After log data is collected to Log Service, you can use Spark Streaming to consume the data.

The Spark SDK provided by Alibaba Cloud allows you to consume log data from Log Service in Receiver or Direct mode. You must add the following Maven dependencies:
<dependency>
  <groupId>com.aliyun.emr</groupId>
  <artifactId>emr-logservice_2.11</artifactId>
  <version>1.7.2</version>
</dependency>

Consume log data in Receiver mode

In Receiver mode, a consumer group consumes data from Log Service and temporarily stores the data in a Spark executor. After a Spark Streaming job is started, the consumer group reads and processes data from the Spark executor. Each log entry is returned as a JSON string. The consumer group periodically saves checkpoints to Log Service. You do not need to update checkpoints. For more information, see Use consumer groups to consume log data.
  • Parameters
    Parameter Type Description
    project String The name of the project in Log Service.
    logstore String The name of the Logstore in Log Service.
    consumerGroup String The name of the consumer group.
    endpoint String The endpoint of the region where the Log Service project resides. For more information, see Endpoints.
    accessKeyId String The AccessKey ID that is used to access Log Service.
    accessKeySecret String The AccessKey secret that is used to access Log Service.
  • Example
    Note In Receiver mode, data loss may occur if the default configurations are used. To avoid data loss, you can enable the Write-Ahead Logs feature. This feature is available in Spark 1.2 or later. For more information about the Write-Ahead Logs feature, see Spark.
    import org.apache.spark.storage.StorageLevel
    import org.apache.spark.streaming.aliyun.logservice.LoghubUtils
    import org.apache.spark.streaming.{ Milliseconds, StreamingContext}
    import org.apache.spark.SparkConf
    
    object TestLoghub {
      def main(args: Array[String]): Unit = {
        if (args.length < 7) {
          System.err.println(
            """Usage: TestLoghub <project> <logstore> <loghub group name> <endpoint>
              |         <access key id> <access key secret> <batch interval seconds>
            """.stripMargin)
          System.exit(1)
        }
    
        val project = args(0)
        val logstore = args(1)
        val consumerGroup = args(2)
        val endpoint = args(3)
        val accessKeyId = args(4)
        val accessKeySecret = args(5)
        val batchInterval = Milliseconds(args(6).toInt * 1000)
    
        def functionToCreateContext(): StreamingContext = {
          val conf = new SparkConf().setAppName("Test Loghub")
          val ssc = new StreamingContext(conf, batchInterval)
          val loghubStream = LoghubUtils.createStream(
            ssc,
            project,
            logstore,
            consumerGroup,
            endpoint,
            accessKeyId,
            accessKeySecret,
            StorageLevel.MEMORY_AND_DISK)
    
          loghubStream.checkpoint(batchInterval * 2).foreachRDD(rdd =>
            rdd.map(bytes => new String(bytes)).top(10).foreach(println)
          )
          ssc.checkpoint("hdfs:///tmp/spark/streaming") // set checkpoint directory
          ssc
        }
    
        val ssc = StreamingContext.getOrCreate("hdfs:///tmp/spark/streaming", functionToCreateContext _)
    
        ssc.start()
        ssc.awaitTermination()
      }
    }

Consume log data in Direct mode

In Direct mode, no consumer group is required. You can call API operations to request data from Log Service. Consuming log data in Direct mode has the following benefits:
  • Simplified concurrency. The number of Spark partitions is the same as the number of shards in a Logstore. You can split shards to improve the concurrency of tasks.
  • Increased efficiency. You no longer need to enable the Write-Ahead Logs feature to prevent data loss.
  • Exactly-once semantics. Data is directly read from Log Service. Checkpoints are submitted after a task is successful.

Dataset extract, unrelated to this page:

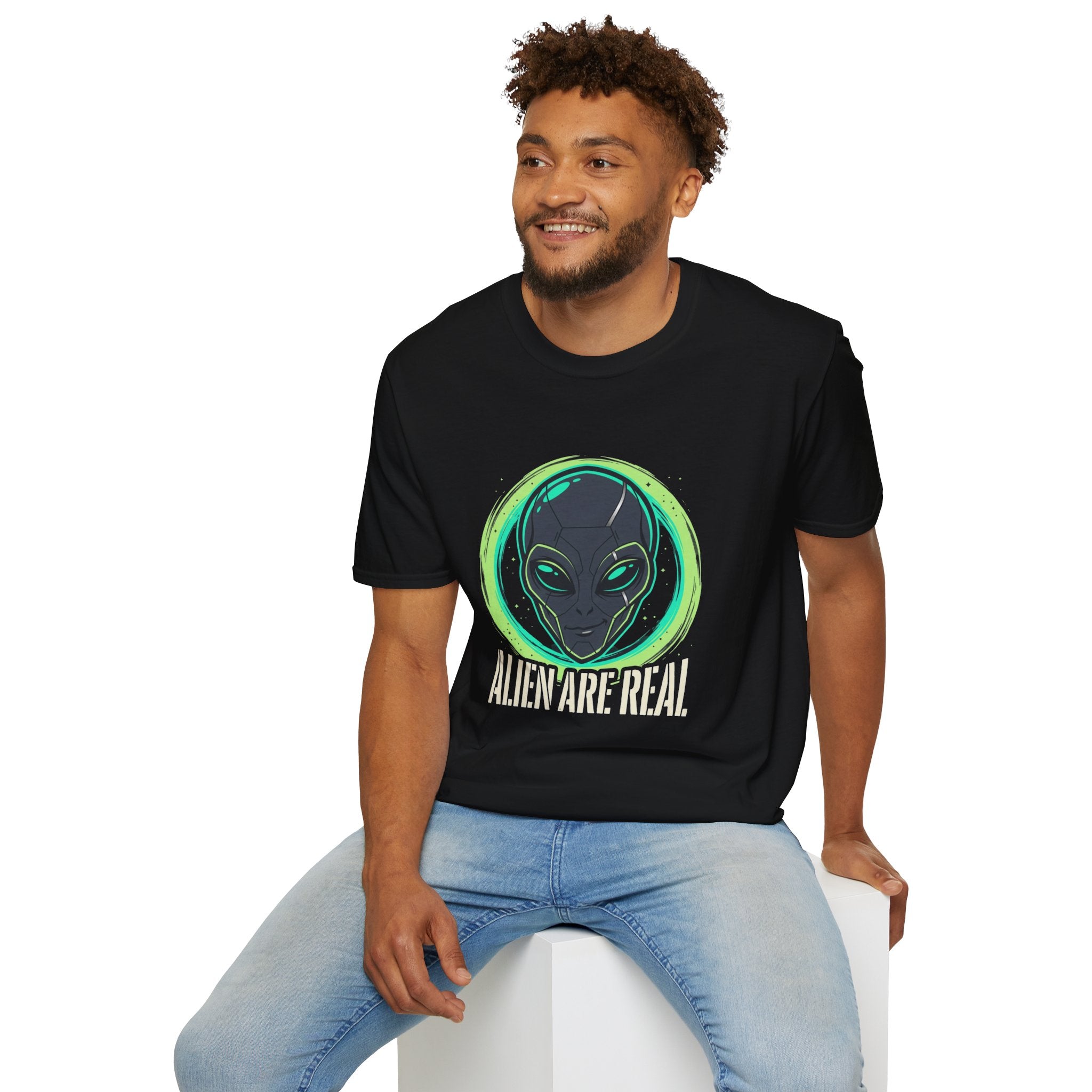 Alien Are Real T-Shirt — Neon Green Alien Face Graphic Tee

    In some cases, data may be repeatedly consumed if a task ends due to an unexpected exit of Spark.

You must configure the ZooKeeper service when you consume data in Direct mode. This service is used to save the data in the intermediate state. You must set a checkpoint directory in the ZooKeeper service to store the intermediate data. To re-consume data after you restart a task, you must delete the corresponding directory from ZooKeeper and change the name of the consumer group.

  • Parameters
    Parameter Type Description
    project String The name of the project in Log Service.
    logstore String The name of the Logstore in Log Service.
    consumerGroup String The name of the consumer group. This name is used only to save consumption checkpoints.
    endpoint String The endpoint of the region where the Log Service project resides. For more information, see Endpoints.
    accessKeyId String The AccessKey ID that is used to access Log Service.
    accessKeySecret String The AccessKey secret that is used to access Log Service.
    zkAddress String The connection URL of the ZooKeeper service.
  • Consumption limits

    Spark Streaming consumes data from each shard in a single batch. You must specify the number of log entries that are consumed in each batch.

    In Log Service, a log group serves as the basic unit for each write request. For example, a write request may contain multiple log entries. These log entries are stored and consumed as a log group. When you use web tracking to write logs, each write request contains only one log entry. In this case, the log group that corresponds to the request contains only one log entry. You can specify parameters to limit the amount of log data in a single batch. The following table lists the two parameters.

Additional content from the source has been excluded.